|
WASHINGTON: US President George W. Bush said Thursday
he would attend the Beijing Olympics in August as a sports fan, but
vowed not to be “shy” about pushing China on human rights as
well as Darfur and Myanmar.
Bush also stopped short of saying
Olympic athletes should be able to publicly criticize President Hu
Jintao’s government, saying every country’s Olympic committee
would set the rules for their competitors.
“I’ve made it very clear
I’m going to the Olympics because it’s a sporting event,” Bush
told reporters at a White House press conference. “I’m looking
forward to seeing the athletic competition.”

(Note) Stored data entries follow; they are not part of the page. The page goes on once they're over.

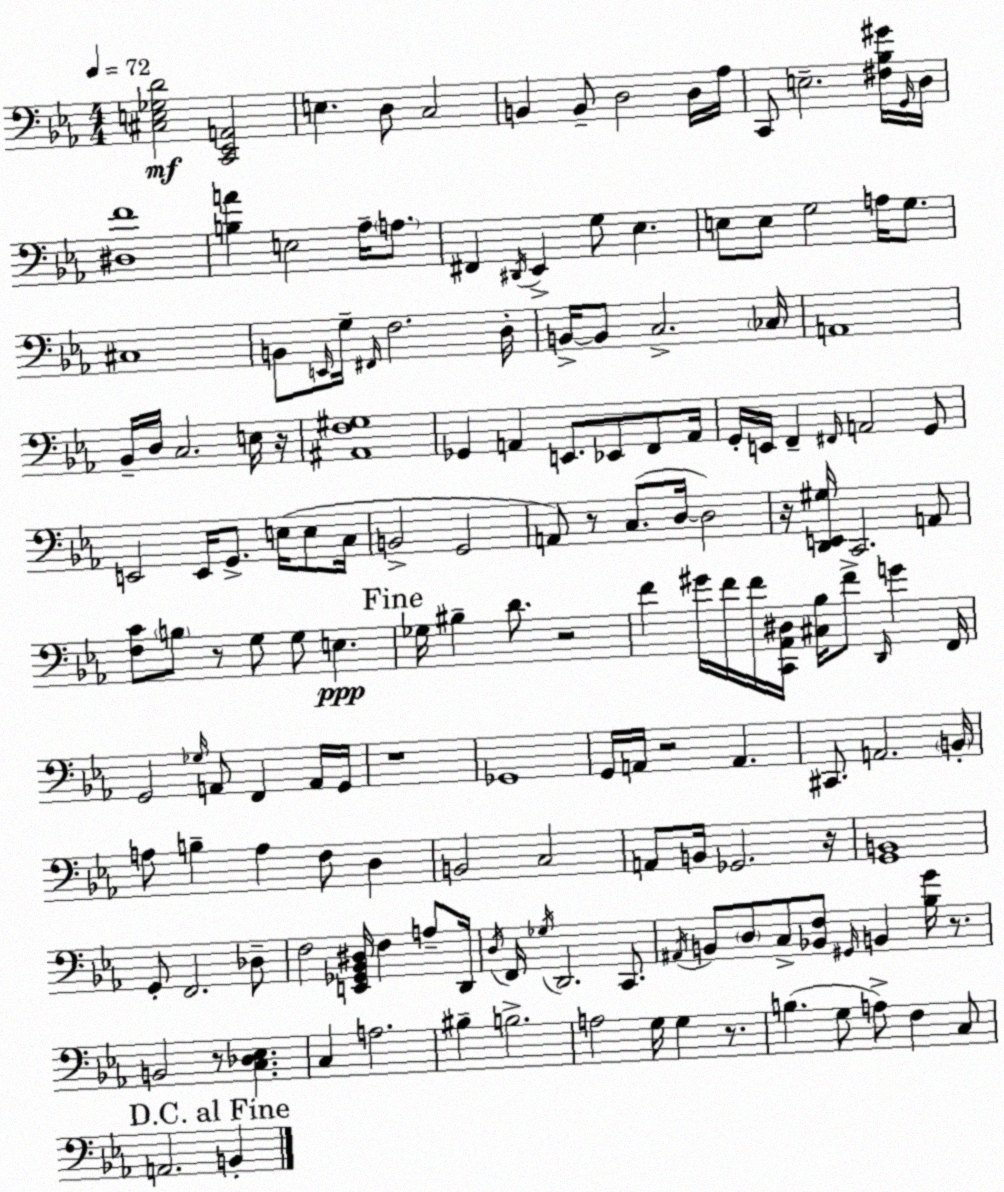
X:1
T:Untitled
M:4/4
L:1/4
K:Eb
[^C,E,_G,D]2 [C,,_E,,A,,]2 E, D,/2 C,2 B,, B,,/2 D,2 D,/4 _A,/4 C,,/2 E,2 [^F,_B,^G]/4 G,,/4 D,/4 [^D,F]4 [B,A] E,2 _A,/4 A,/2 ^F,, ^D,,/4 _E,, G,/2 _E, E,/2 E,/2 G,2 A,/4 G,/2 ^C,4 B,,/2 E,,/4 G,/4 ^F,,/4 F,2 D,/4 B,,/4 B,,/2 C,2 _C,/4 A,,4 _B,,/4 D,/4 C,2 E,/4 z/4 [^A,,F,^G,]4 _G,, A,, E,,/2 _E,,/2 F,,/2 A,,/4 G,,/4 E,,/4 F,, ^F,,/4 A,,2 G,,/2 E,,2 E,,/4 G,,/2 E,/4 E,/2 C,/4 B,,2 G,,2 A,,/2 z/2 C,/2 D,/4 D,2 z/4 [D,,E,,^G,]/4 C,,2 A,,/2 [F,C]/2 B,/2 z/2 G,/2 G,/2 E, _G,/4 ^B, D/2 z2 F ^G/4 F/4 F/4 [C,,_A,,^D,]/4 [^C,_B,]/4 F/2 D,,/4 G F,,/4 G,,2 _G,/4 A,,/2 F,, A,,/4 G,,/4 z4 _G,,4 G,,/4 A,,/4 z2 A,, ^C,,/2 A,,2 B,,/4 A,/2 B, A, F,/2 D, B,,2 C,2 A,,/2 B,,/4 _G,,2 z/4 [G,,B,,]4 G,,/2 F,,2 _D,/2 F,2 [E,,_G,,_B,,^D,]/4 F, A,/2 D,,/4 D,/4 F,,/4 _G,/4 D,,2 C,,/2 ^A,,/4 B,,/2 D,/2 C,/2 [_B,,F,]/2 ^G,,/4 B,, [_B,G]/4 z/2 B,,2 z/2 [C,_D,_E,] C, A,2 ^B, B,2 A,2 G,/4 G, z/2 B, G,/2 A,/2 F, C,/2 A,,2 B,,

“But that will not preclude me
from meeting with the Chinese president, expressing my deep concerns
about a variety of issues, just like I do every time I meet with the
president,” he stressed.
“A whole society, a healthy
society, a confident society is one that recognizes the value of
religious freedom. I’ll talk about Darfur and Iran and Burma,”
as Myanmar is called in the United States, said Bush.
Human rights groups and activists
have accused China of ramping up a campaign of repression against
dissidents to ensure they are silenced during the Games, which are
set to run August 8-24.
Beijing has also come under
pressure over its close ties to Myanmar’s ruling junta, amid
mounting global calls for democratic reforms there and with the
government in Khartoum, over the violence in Sudan’s Darfur
province.
China is one the closest allies
of the government in Sudan, which is locked in a years-long proxy
war with rebels in Darfur. UN estimates put the death toll at about
200,000, with more than two million driven from their homes.